**Assignment:**
Exact copy, no pictures: return only the lines below from the line with "Chicago, IL 60613" up to and including the line with "Cedar Glen Malt".

**Study material:**
========================================================================
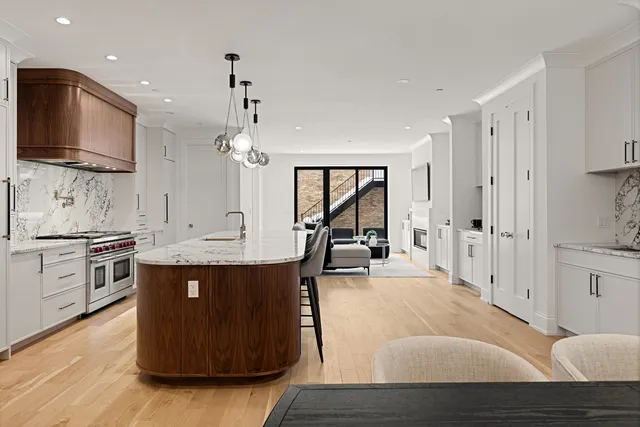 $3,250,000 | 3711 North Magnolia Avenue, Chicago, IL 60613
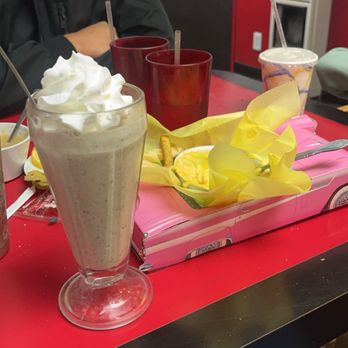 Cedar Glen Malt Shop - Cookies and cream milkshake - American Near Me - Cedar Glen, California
========================================================================
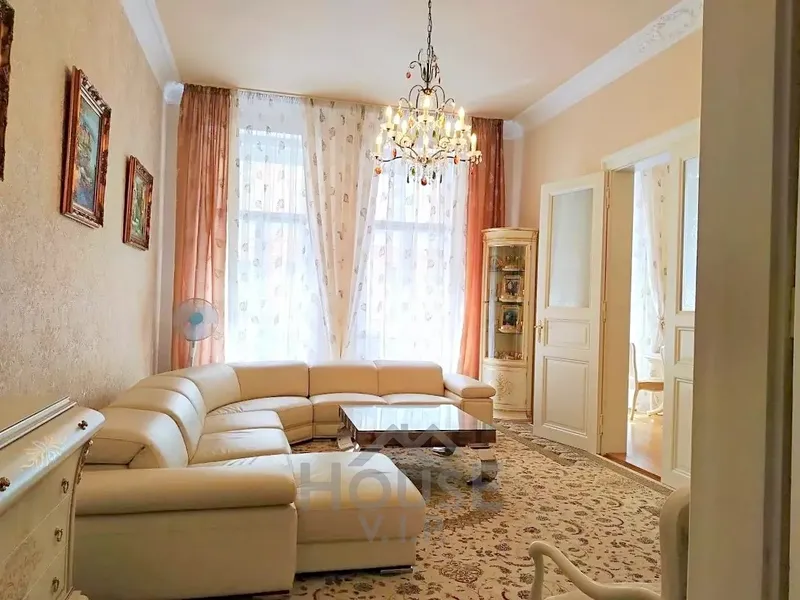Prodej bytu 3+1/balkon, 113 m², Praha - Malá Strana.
========================================================================
**Reply:**
 $3,250,000 | 3711 North Magnolia Avenue, Chicago, IL 60613
 Cedar Glen Malt Shop - Cookies and cream milkshake - American Near Me - Cedar Glen, California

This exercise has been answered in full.